# [INSTRUCTIONS TO FOLLOW]
From the entries below, transcribe exactly the lines between the line holding "Первое заседание рабочей" and the line holding "view of front facade with a garage", inclusive; skip all other lines.

# [INFORMATION PROVIDED]

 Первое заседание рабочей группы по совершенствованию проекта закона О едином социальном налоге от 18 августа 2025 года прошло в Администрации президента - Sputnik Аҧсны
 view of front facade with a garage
==
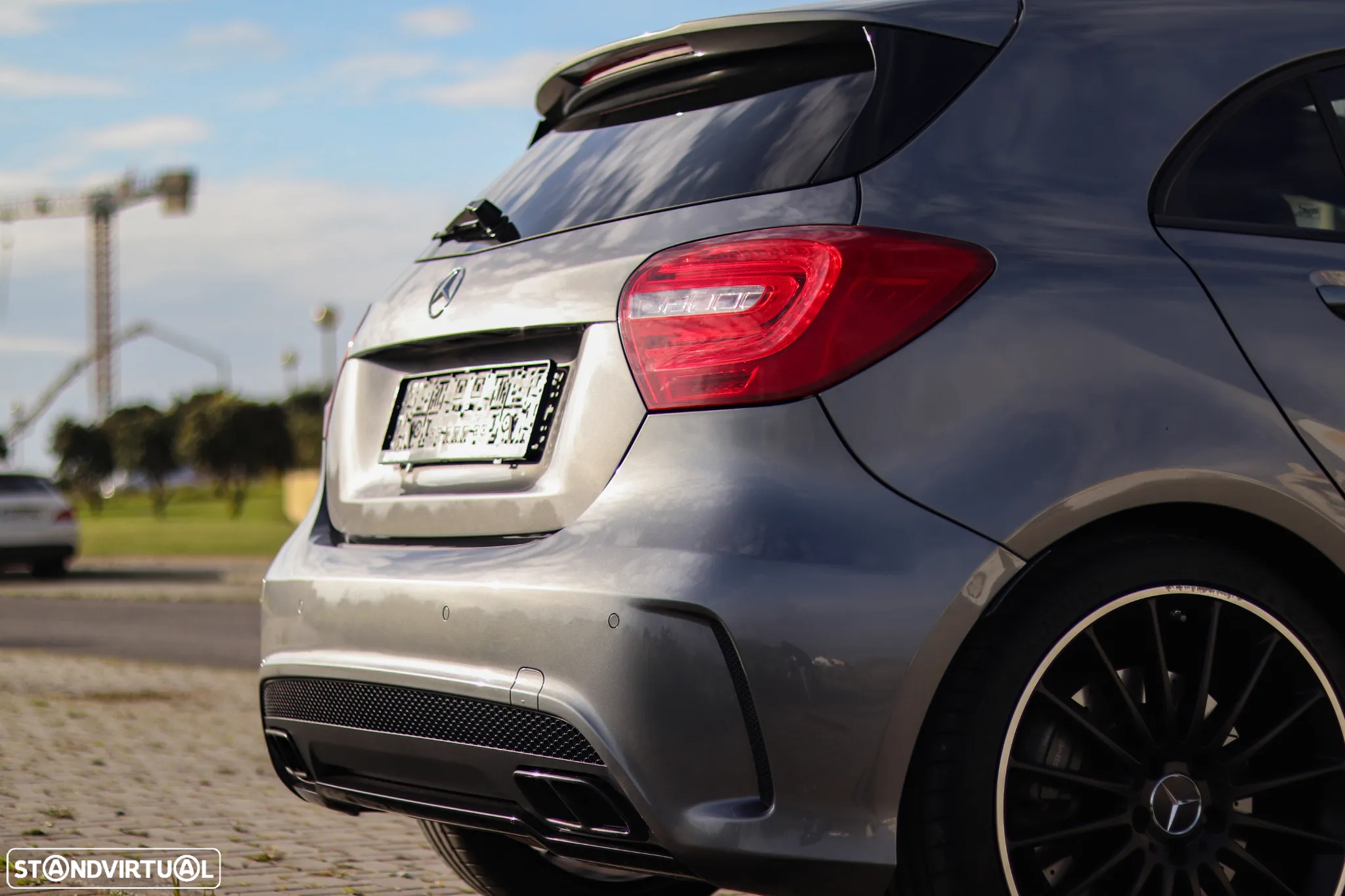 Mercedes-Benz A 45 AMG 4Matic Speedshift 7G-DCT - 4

# [EXPECTED ANSWER]
 Первое заседание рабочей группы по совершенствованию проекта закона О едином социальном налоге от 18 августа 2025 года прошло в Администрации президента - Sputnik Аҧсны
 view of front facade with a garage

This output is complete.